But then John Kennedy made the problem much worse because he realized a good way to defeat Richard Nixon was to beat the Eisenhower administration over the head with Fidel Castro. How could they allow this communist dictator to come to power a mere 90 miles away from American shores?
WERTHEIMER: And that he won and had to do something about it.
RASENBERGER: And then - he wins. And then he's handed this plan by the CIA, which he knew a little bit about, but he didn't know the details. And they're telling him, Mr. President, you need to pull the trigger on this right now. And he had gotten himself into a situation that he didn't really know how to get out of. He didn't really want to go ahead with the Bay of Pigs invasion, but he had painted himself into a corner.
WERTHEIMER: Is that why you say in your book that the Bay of Pigs is one of the most fascinating and important stories in modern American history?
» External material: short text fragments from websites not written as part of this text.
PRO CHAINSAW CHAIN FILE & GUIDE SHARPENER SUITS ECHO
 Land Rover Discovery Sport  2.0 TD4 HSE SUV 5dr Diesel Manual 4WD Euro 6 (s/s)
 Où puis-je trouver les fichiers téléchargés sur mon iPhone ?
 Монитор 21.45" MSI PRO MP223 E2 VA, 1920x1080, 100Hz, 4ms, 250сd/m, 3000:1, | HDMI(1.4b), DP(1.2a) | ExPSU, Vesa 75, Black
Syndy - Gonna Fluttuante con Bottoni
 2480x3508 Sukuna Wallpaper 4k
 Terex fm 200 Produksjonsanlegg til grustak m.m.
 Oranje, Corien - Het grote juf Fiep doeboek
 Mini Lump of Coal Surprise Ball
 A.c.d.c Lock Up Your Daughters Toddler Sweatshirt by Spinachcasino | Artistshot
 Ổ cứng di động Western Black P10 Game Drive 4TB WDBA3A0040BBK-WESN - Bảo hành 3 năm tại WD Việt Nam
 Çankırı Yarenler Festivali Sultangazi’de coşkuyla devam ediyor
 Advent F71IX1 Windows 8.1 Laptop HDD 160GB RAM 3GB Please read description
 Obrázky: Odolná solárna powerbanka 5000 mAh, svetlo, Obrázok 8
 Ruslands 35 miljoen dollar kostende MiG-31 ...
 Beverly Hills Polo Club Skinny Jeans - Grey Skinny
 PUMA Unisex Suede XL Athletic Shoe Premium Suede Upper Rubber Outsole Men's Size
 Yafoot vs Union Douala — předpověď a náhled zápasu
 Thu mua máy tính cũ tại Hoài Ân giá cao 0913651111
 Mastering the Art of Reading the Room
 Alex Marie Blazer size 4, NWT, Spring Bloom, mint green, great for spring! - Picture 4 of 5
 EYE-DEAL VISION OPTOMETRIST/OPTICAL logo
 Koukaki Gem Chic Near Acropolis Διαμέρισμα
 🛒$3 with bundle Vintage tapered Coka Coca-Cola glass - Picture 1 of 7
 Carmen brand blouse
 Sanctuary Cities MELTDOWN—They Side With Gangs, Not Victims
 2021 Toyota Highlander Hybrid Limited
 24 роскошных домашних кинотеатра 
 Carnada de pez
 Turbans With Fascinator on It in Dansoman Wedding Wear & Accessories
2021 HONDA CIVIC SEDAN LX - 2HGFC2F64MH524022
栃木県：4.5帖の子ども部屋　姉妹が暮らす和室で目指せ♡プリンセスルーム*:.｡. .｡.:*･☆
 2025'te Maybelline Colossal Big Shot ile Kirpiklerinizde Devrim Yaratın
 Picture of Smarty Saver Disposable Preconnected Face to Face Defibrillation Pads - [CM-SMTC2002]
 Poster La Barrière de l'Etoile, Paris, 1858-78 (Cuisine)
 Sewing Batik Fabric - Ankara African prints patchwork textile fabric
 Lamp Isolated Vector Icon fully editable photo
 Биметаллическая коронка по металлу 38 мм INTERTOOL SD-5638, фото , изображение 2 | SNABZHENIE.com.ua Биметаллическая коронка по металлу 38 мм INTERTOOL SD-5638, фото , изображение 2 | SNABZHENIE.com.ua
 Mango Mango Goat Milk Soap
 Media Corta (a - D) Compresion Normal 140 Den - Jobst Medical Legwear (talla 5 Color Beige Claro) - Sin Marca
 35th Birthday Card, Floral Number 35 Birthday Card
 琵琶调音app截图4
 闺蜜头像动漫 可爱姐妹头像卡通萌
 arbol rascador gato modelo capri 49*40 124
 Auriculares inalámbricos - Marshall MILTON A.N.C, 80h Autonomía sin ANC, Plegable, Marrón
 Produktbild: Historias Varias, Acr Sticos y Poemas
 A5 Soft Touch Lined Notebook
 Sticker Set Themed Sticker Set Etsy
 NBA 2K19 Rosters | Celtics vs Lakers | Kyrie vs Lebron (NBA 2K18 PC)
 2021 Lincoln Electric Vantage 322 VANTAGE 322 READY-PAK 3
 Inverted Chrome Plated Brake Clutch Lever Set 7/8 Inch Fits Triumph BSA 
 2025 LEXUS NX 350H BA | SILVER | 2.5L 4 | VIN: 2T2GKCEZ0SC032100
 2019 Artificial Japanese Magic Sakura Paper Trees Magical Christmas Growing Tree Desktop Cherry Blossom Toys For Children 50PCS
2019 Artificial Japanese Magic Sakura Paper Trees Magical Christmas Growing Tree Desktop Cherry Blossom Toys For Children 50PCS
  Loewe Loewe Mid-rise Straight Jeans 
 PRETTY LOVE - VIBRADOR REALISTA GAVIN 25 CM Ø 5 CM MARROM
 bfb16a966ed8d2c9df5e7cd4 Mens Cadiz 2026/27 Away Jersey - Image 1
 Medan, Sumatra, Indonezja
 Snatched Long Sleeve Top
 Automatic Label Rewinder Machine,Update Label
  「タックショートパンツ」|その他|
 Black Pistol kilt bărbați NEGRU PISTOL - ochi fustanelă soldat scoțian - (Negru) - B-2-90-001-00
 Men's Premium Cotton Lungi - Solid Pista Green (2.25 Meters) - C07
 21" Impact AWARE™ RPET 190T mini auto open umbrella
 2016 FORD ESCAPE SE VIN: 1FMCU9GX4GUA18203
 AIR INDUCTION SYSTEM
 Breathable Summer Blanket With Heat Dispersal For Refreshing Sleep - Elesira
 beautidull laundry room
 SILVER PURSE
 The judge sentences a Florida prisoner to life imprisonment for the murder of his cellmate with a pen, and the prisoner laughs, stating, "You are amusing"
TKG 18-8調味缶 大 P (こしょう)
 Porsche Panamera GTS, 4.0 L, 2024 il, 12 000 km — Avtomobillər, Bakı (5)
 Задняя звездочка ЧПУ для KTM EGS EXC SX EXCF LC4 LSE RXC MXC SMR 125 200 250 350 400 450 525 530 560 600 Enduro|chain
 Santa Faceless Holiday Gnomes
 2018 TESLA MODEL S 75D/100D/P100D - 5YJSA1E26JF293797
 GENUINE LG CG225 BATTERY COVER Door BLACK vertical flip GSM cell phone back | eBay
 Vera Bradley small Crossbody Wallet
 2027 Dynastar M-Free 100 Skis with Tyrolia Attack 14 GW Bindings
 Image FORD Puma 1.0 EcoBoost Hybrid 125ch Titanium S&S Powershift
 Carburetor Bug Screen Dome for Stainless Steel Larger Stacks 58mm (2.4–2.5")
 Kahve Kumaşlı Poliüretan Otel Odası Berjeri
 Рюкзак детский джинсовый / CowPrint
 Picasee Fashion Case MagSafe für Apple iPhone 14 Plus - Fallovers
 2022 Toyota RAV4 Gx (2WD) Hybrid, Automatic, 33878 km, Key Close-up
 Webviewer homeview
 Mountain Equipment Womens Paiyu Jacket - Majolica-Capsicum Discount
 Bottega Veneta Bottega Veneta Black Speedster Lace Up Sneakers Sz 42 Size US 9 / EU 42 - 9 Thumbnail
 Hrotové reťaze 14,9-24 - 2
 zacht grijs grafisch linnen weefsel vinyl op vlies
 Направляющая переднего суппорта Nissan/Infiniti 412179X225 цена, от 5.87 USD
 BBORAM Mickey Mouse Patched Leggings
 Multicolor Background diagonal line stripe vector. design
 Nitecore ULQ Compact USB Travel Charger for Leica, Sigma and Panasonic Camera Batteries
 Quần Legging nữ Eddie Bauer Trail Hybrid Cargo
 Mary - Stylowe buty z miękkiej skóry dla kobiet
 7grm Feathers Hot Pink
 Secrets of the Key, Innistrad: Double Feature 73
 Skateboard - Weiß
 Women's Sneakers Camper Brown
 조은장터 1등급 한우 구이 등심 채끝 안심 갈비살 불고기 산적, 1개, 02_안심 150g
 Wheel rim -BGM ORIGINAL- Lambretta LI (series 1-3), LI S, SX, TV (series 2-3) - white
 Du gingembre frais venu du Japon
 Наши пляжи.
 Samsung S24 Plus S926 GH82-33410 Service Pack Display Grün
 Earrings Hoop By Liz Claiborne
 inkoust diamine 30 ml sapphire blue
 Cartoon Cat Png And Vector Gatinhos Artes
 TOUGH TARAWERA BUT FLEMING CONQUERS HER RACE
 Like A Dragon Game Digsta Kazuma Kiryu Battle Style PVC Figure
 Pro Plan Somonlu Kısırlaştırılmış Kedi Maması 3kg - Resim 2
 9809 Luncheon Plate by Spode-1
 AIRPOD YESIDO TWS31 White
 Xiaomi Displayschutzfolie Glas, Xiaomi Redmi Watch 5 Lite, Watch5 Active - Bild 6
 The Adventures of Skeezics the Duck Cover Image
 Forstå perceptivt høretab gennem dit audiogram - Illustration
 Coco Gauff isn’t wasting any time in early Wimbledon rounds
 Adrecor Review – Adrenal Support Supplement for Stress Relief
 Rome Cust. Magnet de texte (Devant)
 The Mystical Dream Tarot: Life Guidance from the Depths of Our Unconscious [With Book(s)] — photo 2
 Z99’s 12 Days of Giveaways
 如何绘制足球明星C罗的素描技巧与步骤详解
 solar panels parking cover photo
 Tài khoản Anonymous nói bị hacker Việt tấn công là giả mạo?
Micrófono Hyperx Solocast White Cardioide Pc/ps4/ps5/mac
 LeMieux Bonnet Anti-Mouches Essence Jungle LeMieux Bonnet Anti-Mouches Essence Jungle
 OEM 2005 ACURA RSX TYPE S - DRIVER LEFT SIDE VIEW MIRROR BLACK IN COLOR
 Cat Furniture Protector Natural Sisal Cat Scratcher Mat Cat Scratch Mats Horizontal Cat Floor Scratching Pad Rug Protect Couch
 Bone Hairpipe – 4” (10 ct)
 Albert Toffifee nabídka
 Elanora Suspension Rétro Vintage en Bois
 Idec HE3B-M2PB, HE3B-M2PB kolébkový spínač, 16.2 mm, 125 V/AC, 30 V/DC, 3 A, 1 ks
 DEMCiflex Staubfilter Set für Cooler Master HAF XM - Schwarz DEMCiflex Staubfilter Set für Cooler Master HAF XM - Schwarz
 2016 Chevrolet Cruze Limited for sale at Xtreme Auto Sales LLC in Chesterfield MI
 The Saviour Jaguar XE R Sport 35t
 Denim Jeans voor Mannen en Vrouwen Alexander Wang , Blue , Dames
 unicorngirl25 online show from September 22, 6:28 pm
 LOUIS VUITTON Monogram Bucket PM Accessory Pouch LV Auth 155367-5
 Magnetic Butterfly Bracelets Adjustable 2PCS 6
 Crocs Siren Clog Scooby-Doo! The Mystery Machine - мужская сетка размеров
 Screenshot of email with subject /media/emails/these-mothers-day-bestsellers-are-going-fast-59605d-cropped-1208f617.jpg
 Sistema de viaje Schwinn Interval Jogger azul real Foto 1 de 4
RASENBERGER: I mean it, shows so many themes in American history. One is how fear is used in politics and how that sometimes can come back to bite the person who is using it - the candidate who is using it. But also, there are so many things that happened after the Bay of Pigs. I mean, you can link so much of what happened in the 1960s - the Vietnam War, for instance - directly to the Bay of Pigs.
Something that is not known by many people is that the day after the invasion failed, John F. Kennedy ordered his national security adviser to look into ways to defeat communism in Vietnam because, of course, he'd just taken this huge defeat from the Communists. And he was looking for a way to fight back. So the Vietnam War, in many ways - at least Kennedy's involvement - began the day after the Bay of Pigs ended.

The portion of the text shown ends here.